Enkele maanden geleden startte de Wiardi Beckman Stichting samen met het Wetenschappelijk Bureau GroenLinks een project over framing. De bedenkingen daaromtrent lieten zich raden: ‘Framing behoort toch niet tot de taken van wetenschappelijke bureaus? En hadden we niet net met zijn allen geconstateerd dat te veel mensen in politiek-Den Haag bezig zijn met beeldvorming en communicatie?’
Dat klopt, dusdanig zelfs dat onderliggende waarden en ideologische denkkaders ondergesneeuwd zijn geraakt.[1] En net daarom dit project.
Met dit themanummer van S&D laten we zien dat framing veel meer is dan een communicatietrucje. Framing is ideologie in actie. Frames vertolken abstracte ideologische ideeën en overtuigingen en passen deze toe op een concrete maatschappelijke kwestie. Het is dan ook aan de hand van frames dat ideologie vorm krijgt in ons denken en ons doen. Omarm je bijvoorbeeld het frame dat we middenin een asieltsunami zitten, dan heeft dat een heel andere invloed op je denken en doen dan als je redeneert vanuit het frame dat Nederland een morele verantwoordelijkheid heeft met betrekking tot de opvang van vluchtelingen. Het eerste frame vertolkt een ideologie van nativisme, het tweede een van solidariteit en medemenselijkheid.
Frames zijn dus een onmisbaar instrument in de ideologische strijd. En laten we eerlijk zijn: rechtse politici en organisaties zijn een stuk vaardiger in het hanteren van dit ideologische instrument. Zelfs in die mate dat rechtse frames ons op veel thema’s permanent in het defensief dwingen.

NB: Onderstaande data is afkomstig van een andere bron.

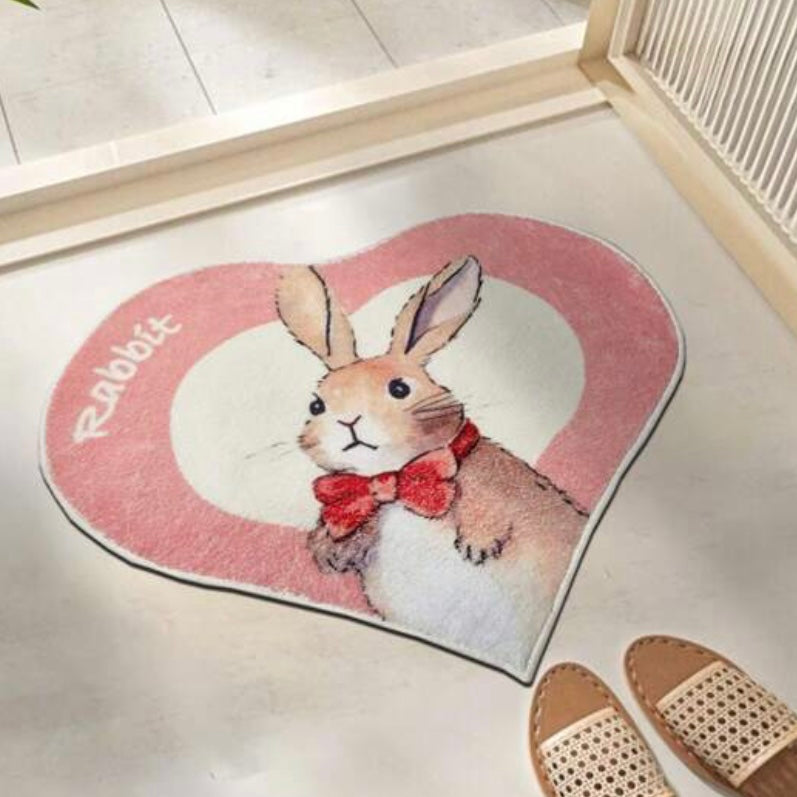 Pink Heart Bunny Rabbit Mat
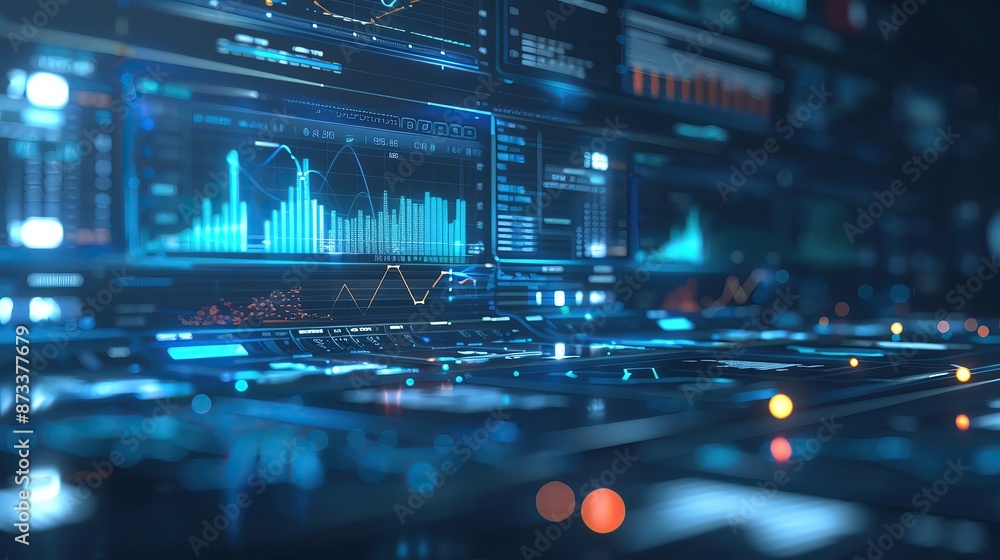 Poster futuristic data analysis dashboard with digital graphs and charts, showcasing technology, finance, a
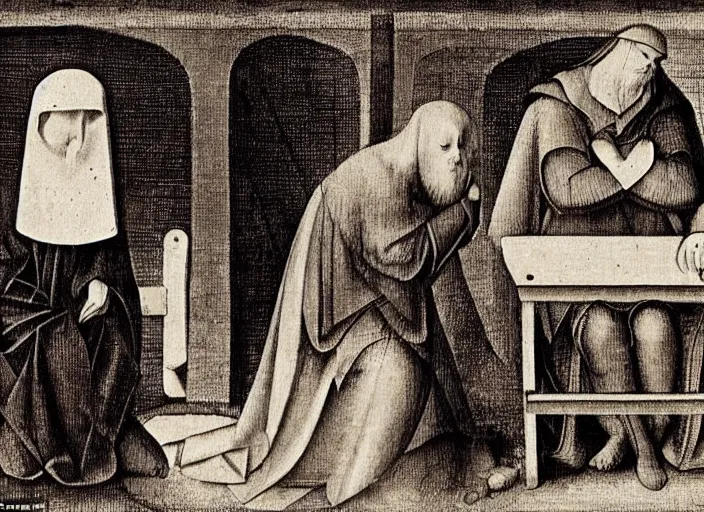 Image similar to judge wearing a bench wig is making a haircut to another judge with a bench wig, only two person in the scene, by hieronymus bosch, fractals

Er is dus werk aan de winkel. Zo ook voor de wetenschappelijke bureaus, net omdat framing en het denken over ideologie – de kerntaak van wetenschappelijke bureaus – niet los van elkaar gezien kunnen worden. Dat maken we in dit inleidende artikel voor dit themanummer duidelijk door eerst bondig uiteen te zetten wat framing is en hoe het deel uitmaakt van de politieke strijd. Vervolgens zullen we ingaan op de vraag wat dit alles betekent voor de manier waarop we politiek bedrijven. Afsluitend geven we een vooruitblik op de verschillende andere bijdragen aan dit themanummer.
Framing als ideologisch werk
Framing is een veelgebruikt begrip, we horen het woord bijna dagelijks. Vaak heeft het dan een negatieve connotatie en wordt het gezien als een verdraaiing van de feiten, of een poging om een vervelende realiteit onder het tapijt te schuiven. In feite gaat het dan eerder over ‘spinning’.[2] Dat is niet waar we in dit artikel op doelen.

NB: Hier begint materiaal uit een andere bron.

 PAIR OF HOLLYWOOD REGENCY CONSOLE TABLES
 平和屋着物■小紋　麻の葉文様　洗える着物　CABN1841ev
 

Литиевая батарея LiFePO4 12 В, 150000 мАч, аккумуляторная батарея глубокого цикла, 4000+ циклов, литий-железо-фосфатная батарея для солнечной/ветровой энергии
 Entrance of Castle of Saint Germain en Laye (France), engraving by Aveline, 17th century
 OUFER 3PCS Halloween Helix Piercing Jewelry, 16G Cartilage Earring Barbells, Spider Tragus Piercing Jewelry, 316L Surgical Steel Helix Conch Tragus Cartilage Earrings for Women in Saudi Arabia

Bij framing gaat het er niet om de feiten te verdraaien of te verhullen, maar deze op een bepaalde manier te interpreteren en van morele betekenis te voorzien. Frames zijn interpretatiepatronen in onze hoofden of in discours (zie kader), die ons helpen de sociale realiteit, in al haar complexiteit, te bevatten en te duiden.
Die interpretatiepatronen zijn nooit neutraal, maar reflecteren onderliggende ideologieën. Zij articuleren ideologische ideeën, aannames en overtuigingen en passen deze toe op een concrete realiteit. Zo krijgen abstracte ideologieën aan de hand van frames praktische betekenis in het denken en doen van mensen. Frames verrichten dus een belangrijke vorm van ‘ideologisch werk’. [3]

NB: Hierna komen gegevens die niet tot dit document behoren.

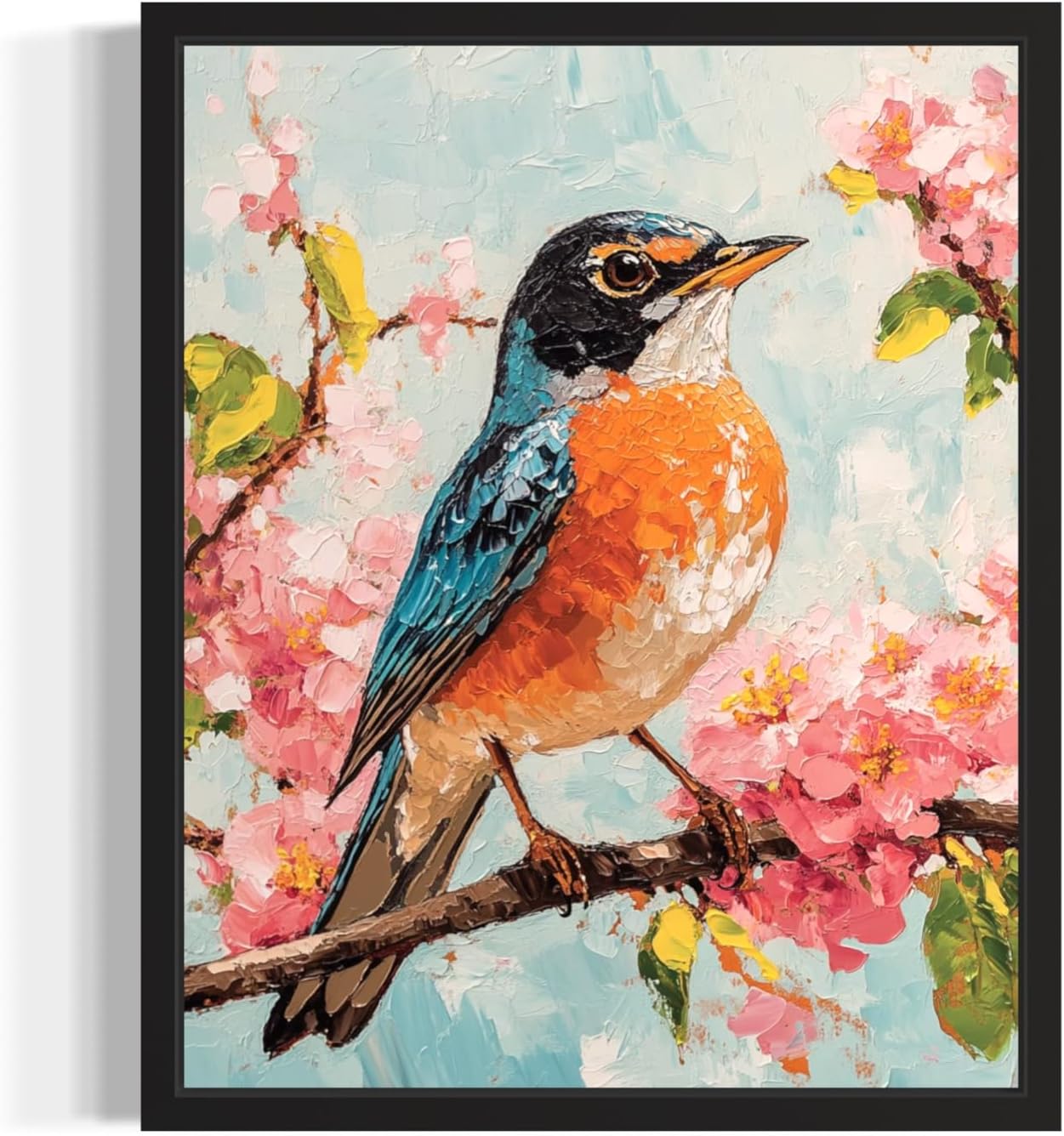 Bald Eagle Wall Art Print Poster, Floral Bird Tree Branch Nature Bedroom Bathroom Restroom Decor 157A (Bald Eagle, 24x36 inches, Unframed)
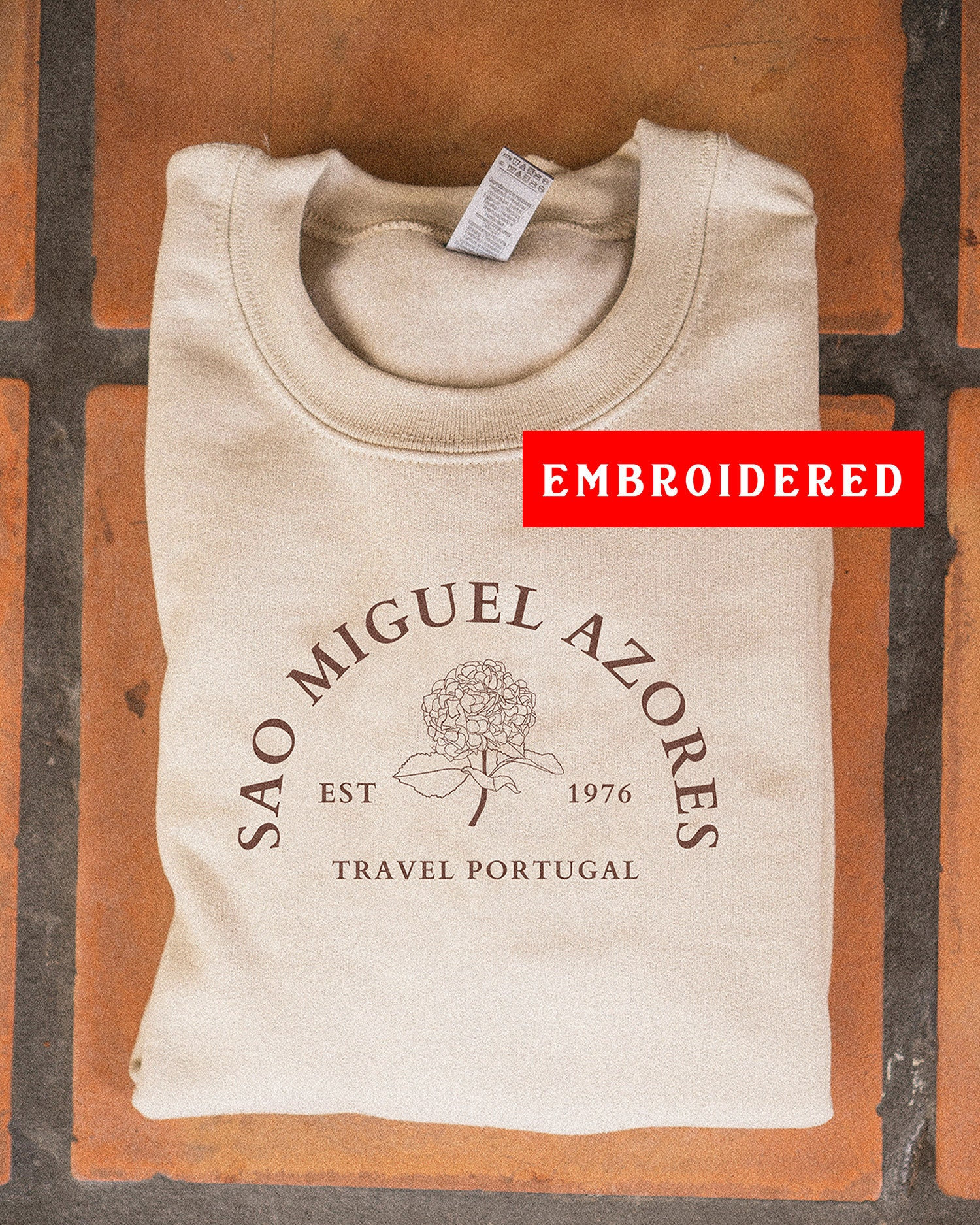 Sao Miguel Azores Embroidered Crewneck: Travel Portugal Sweatshirt
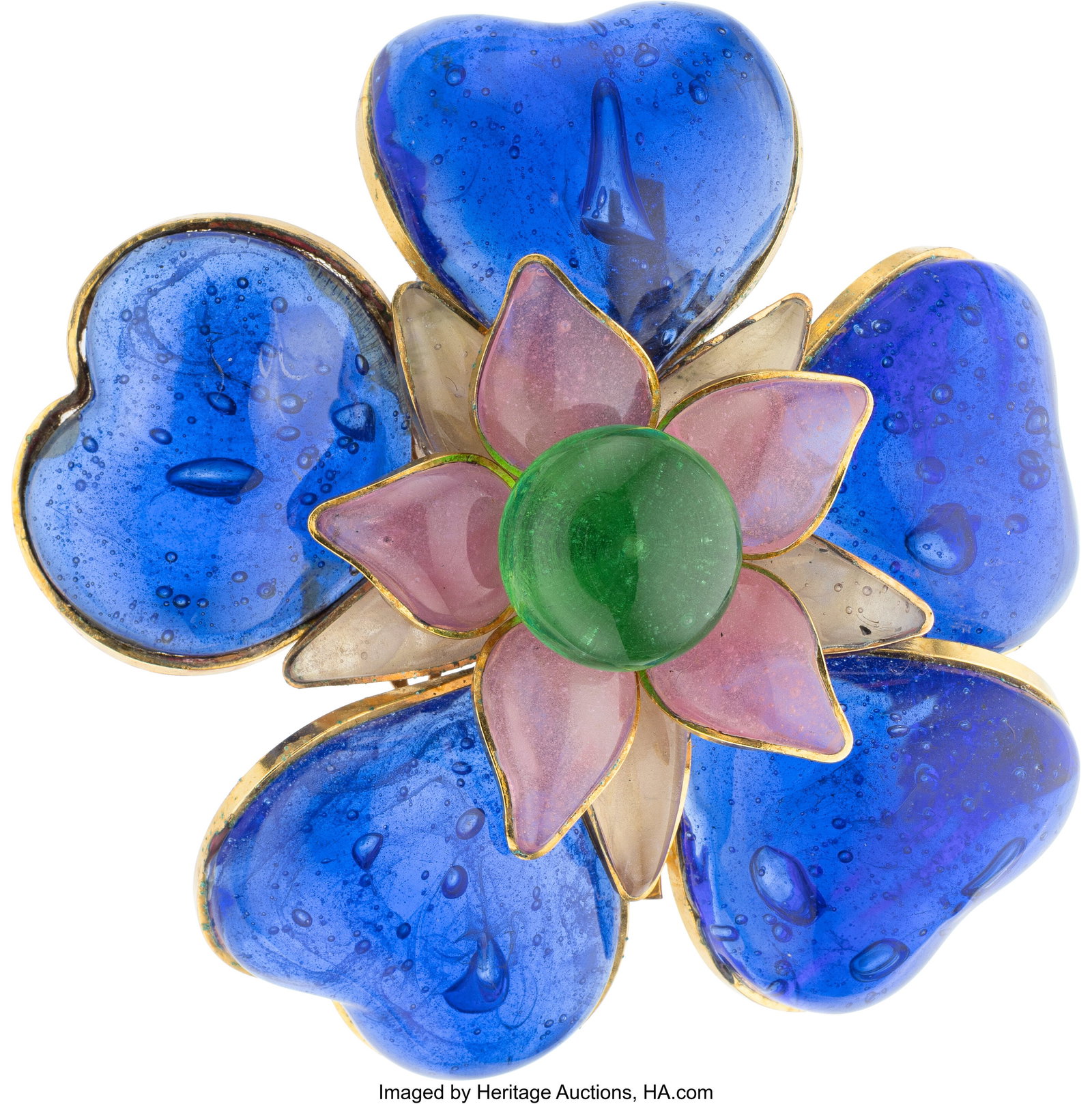 Chanel Vintage Blue, Pink, and Green Gripoix Flo: Chanel Vintage Blue, Pink, and Green Gripoix Flower Brooch 1994-1995 Condition: 2 4" Width x 4" Height This brooch is Gold Plated with Blue, Green, and Pink Gripoix&comma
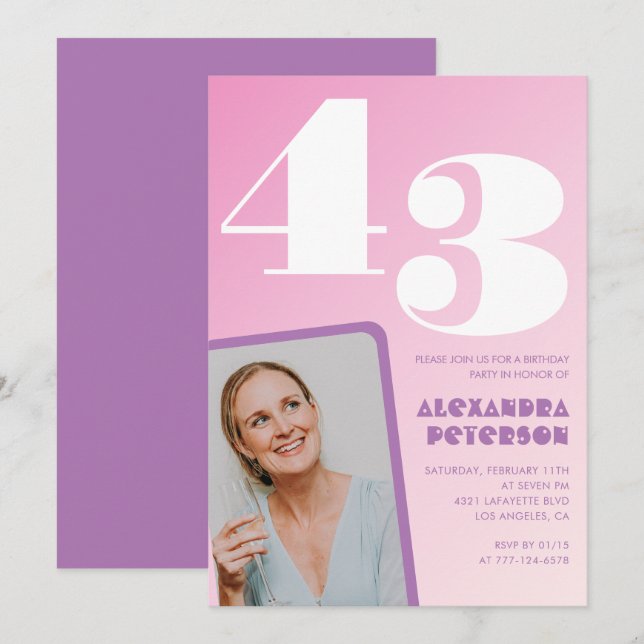 Convites de aniversário de 43 anos Pink Groovy Ret (Frente/Verso)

Dat maakt framing een onmisbaar onderdeel van het democratisch proces. Accepteren we namelijk het idee dat een objectieve, framevrije interpretatie van de sociale werkelijkheid niet bestaat, dan is een goed functionerende democratie gebaat bij een diversiteit aan elkaar beconcurrerende frames. Want veel erger nog dan een debat waarin iedereen erop los ‘framet’, is een publiek debat waarin één enkel frame, één kijk op de maatschappelijke realiteit, zo dominant is geworden, dat er geen ruimte meer is voor alternatieve zienswijzen. Dan leven we in een Orwelliaanse wereld waarin er nog maar één waarheid is.[4]
Een veelgehoord misverstand is dat framing staat voor een oppervlakkige manier van politiek bedrijven, waarin ingewikkelde kwesties worden gereduceerd tot één simplistische slogan. Op zichzelf doen slogans inderdaad veelal geen recht aan de vaak complexe realiteit. Het punt is alleen dat de slogan zelf helemaal niet hetgeen is waar het bij framing om draait. Het gaat hem juist om het web van ideeën, aannames en overtuigingen – het frame – dat een slogan oproept in de hoofden van mensen.
Neem Wilders. Wanneer hij roept dat ‘de Nederlander op één’ moet komen, brengt dat al snel de gedachten met zich mee dat we niet langer de baas zijn in eigen land, dat de Nederlander wordt bedreigd door allerlei dreigingen van buitenaf, en dat we onszelf enkel kunnen beschermen door te kiezen voor een sterke leider die de grenzen dichtgooit en intern orde op zaken stelt. Hoe dat komt? Doordat Wilders ons twintig jaar lang heeft aangepraat dat we het asielzoekerscentrum van de wereld zijn en dat een zwalkende linkse elite de grenzen wagenwijd open heeft gegooid en zo een proces van omvolking in gang heeft gezet. Oftewel, Wilders (leider van de grootste partij of een radicaal-rechtse eenpitter?) heeft zijn slogan decennialang consequent ‘geladen’ met een ideologie van paranoïde nationalisme.[5] We willen maar zeggen: succesvolle framing is een zaak van de lange adem, niet een kortstondige campagnestrategie.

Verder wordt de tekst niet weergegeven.